• [What the exercise asks]:
Pull every line with "Women" from the data.

Extracted records Block Start

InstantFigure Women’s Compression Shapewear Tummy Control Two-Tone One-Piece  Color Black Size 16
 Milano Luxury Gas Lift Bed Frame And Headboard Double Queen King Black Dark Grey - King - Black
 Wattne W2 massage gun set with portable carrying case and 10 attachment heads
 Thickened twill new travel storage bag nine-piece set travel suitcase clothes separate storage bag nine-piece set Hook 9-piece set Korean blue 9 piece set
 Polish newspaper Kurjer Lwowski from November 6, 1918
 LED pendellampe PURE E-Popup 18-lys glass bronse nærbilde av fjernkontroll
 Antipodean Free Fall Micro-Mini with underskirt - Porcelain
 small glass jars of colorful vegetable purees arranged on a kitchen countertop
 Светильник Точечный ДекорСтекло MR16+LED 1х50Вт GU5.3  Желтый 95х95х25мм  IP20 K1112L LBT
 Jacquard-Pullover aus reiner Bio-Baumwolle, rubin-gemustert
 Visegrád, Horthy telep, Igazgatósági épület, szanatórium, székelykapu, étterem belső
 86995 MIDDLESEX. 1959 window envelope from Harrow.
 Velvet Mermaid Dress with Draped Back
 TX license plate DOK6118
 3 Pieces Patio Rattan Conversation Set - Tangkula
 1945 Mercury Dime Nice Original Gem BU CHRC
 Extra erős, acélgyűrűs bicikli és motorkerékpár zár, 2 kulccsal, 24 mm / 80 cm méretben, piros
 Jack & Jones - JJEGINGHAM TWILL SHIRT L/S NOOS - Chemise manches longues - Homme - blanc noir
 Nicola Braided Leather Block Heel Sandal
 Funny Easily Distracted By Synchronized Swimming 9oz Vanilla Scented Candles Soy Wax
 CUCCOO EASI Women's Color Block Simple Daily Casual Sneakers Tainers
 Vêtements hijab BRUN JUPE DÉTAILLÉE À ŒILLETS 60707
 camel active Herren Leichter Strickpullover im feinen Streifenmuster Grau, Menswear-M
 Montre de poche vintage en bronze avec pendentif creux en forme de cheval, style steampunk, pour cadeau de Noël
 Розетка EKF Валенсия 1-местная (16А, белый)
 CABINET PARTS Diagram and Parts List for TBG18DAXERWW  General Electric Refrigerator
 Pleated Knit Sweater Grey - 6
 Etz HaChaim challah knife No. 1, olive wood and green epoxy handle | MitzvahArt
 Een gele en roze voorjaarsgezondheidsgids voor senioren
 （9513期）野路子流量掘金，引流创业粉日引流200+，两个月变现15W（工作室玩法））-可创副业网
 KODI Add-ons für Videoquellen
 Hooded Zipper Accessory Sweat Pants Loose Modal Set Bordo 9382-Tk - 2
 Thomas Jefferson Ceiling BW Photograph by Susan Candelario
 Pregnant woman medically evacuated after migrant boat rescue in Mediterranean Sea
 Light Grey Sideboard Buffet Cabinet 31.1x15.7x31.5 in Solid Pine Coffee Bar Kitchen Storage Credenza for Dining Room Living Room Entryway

Extracted records Block End

• [Expected answer]:
InstantFigure Women’s Compression Shapewear Tummy Control Two-Tone One-Piece  Color Black Size 16
 CUCCOO EASI Women's Color Block Simple Daily Casual Sneakers Tainers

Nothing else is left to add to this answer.